Savoy, founded in 1942 by Herman Lubinsky, owed its musical success to its artists and repertory men, including Ozzie Cadena, Buck Ram, and Teddy Reig. But its economic survival was due to its activities in the area of rhythm-and-blues and gospel music, though it recorded many important bop sessions, notably one by Charlie Parker’s quintet in 1945.

Blue Note more than any other label gained cult status among listeners, not through following fashions but simply because of the quality of its recordings. It was founded in 1939 by Alfred Lion to provide a practical means of expressing his enthusiasm for the boogie-woogie pianists Albert Ammons and Meade “Lux” Lewis, who had impressed him at John Hammond’s first “From Spirituals to Swing” concert in Carnegie Hall in 1938. 50 pressings each of the five performances could hardly secure a future for the new label, but a single performance from the next, greatly contrasting, session did: Sidney Bechet’s profound interpretation of Summertime (1939, BN 6).

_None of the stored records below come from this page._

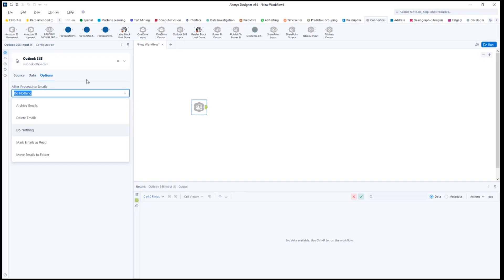This versatile tool will allow you to pull reports that may have been emailed directly to you. You can process those attachments in Alteryx and leverage them in a workflow.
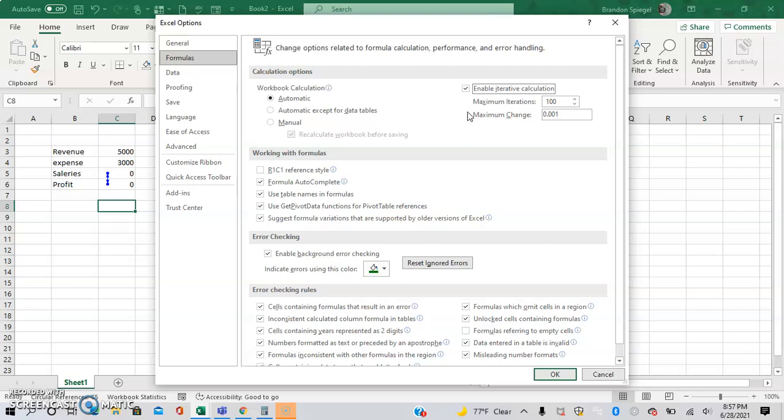So a word of warning: this doesn't mean the calculation will be correct. The maximum iterations is the number of times that the calculation will occur, and the maximum change is the change in value between each test. So basically Excel might try 0.0101, 0.0101, 0.0102, and so on and so forth.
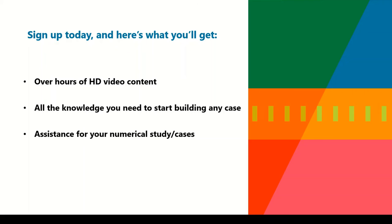On signing up today, you will be getting hours of HD video content. You will be getting all the knowledge that you would need to start building any CFD case. And you will be also facilitated with proper assistance for your numerical cases.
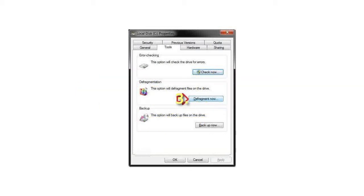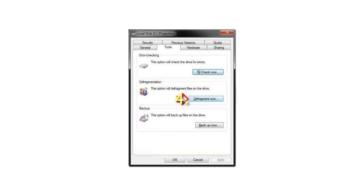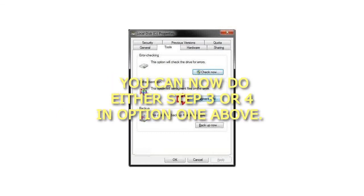3. Click on the Tools tab and click on the Defragment Now button. 4. You can now do either Step 3 or 4 in Option 1 above.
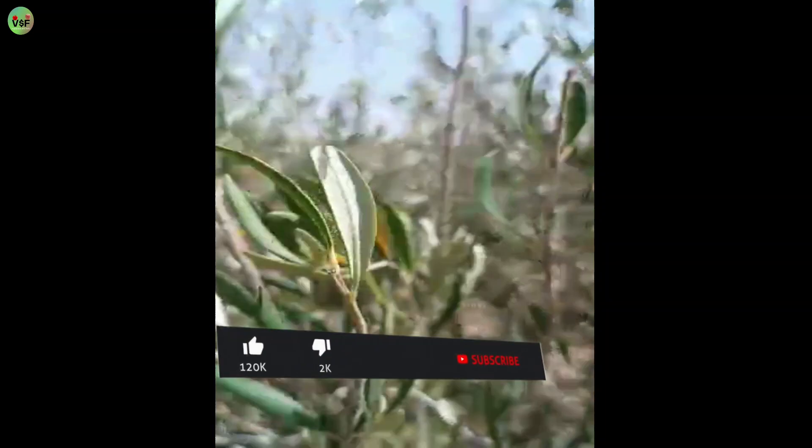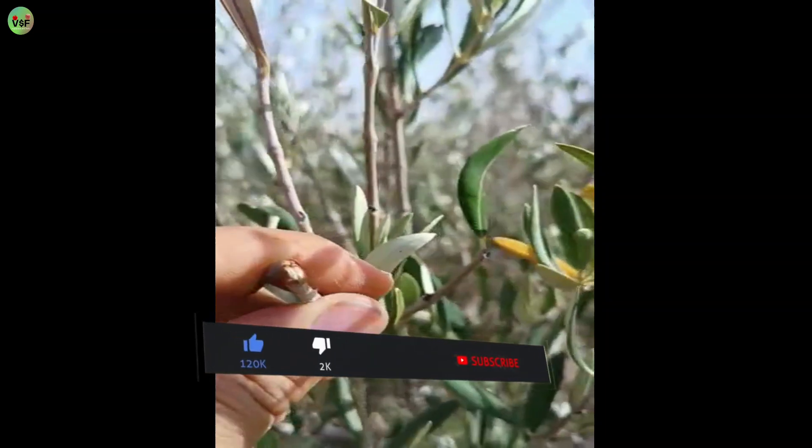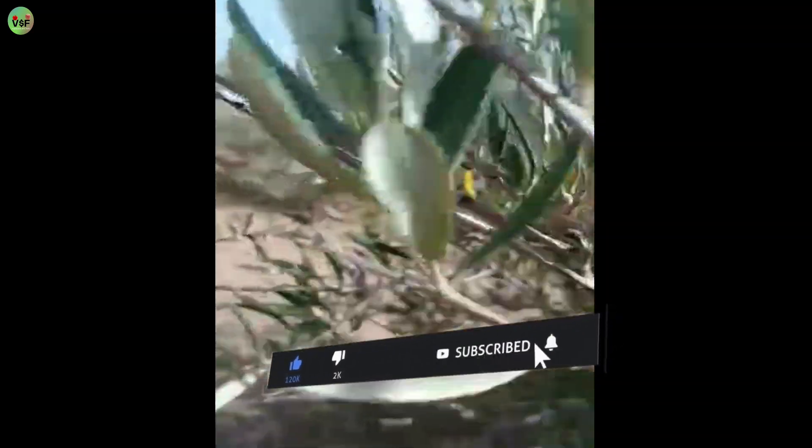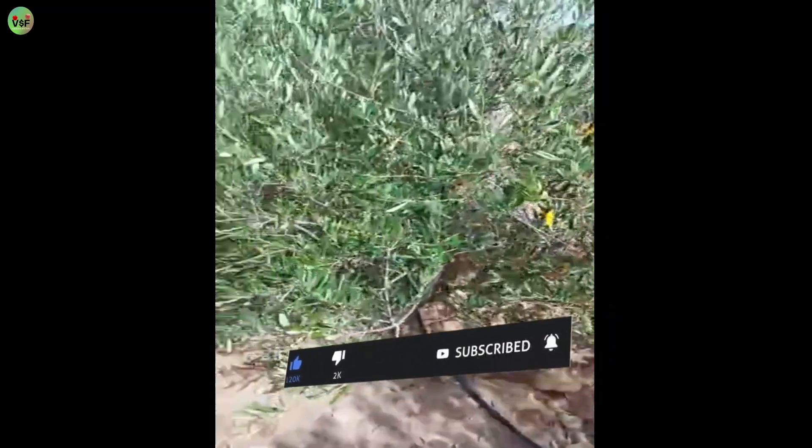If you have benefited from the video, do not forget to like, subscribe, and activate the notification bell.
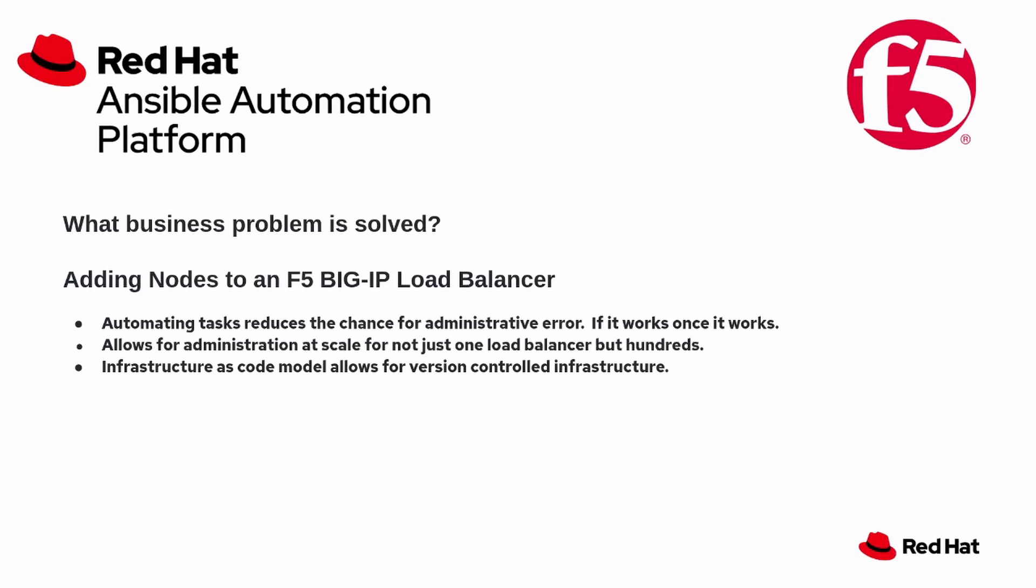we will show how Ansible automation makes managing the administration of F5 a lot more easy and how it makes it more scalable, less time-consuming, and less vulnerable to human error.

Although they suspended recording activities during the war, Lion and his partner Francis Wolff continued to sell existing recordings; Wolff noted that wartime and the AFM ban sharpened demand and allowed Blue Note to build financial reserves for its next phase of recording. This began in November 1943 and documented the first aspect of the postwar changes in jazz – the rapid growth of small swing groups that split away from the disintegrating big bands. Some of these were led by Ike Quebec, who became the talent scout for Blue Note, leading Lion and Wolff to bop and enabling them to make classic recordings by Thelonious Monk, Bud Powell, Fats Navarro, and others. In the 1950s Blue Note groomed the talents of such musicians as Art Blakey, Horace Silver, Hank Mobley, and Kenny Dorham, dominating the scene against powerful competition by means of carefully planned sessions, always preceded by sufficient rehearsal time to allow challenging material to be played with the greatest creativity.

In the middle of this period there was a second recording ban, less effective than the first. By October 1947 the AFM had announced that a strike would begin on 1 January 1948. The warning gave companies several months in which to accumulate new recordings, which they did with the cooperation of their musicians; they then issued these recordings through the period of the ban, which ended early in 1949. The ban seems to have pushed forward somewhat the demise of the big bands – even Benny Goodman concentrated on leading small groups – but it was no more than a minor factor in their decline.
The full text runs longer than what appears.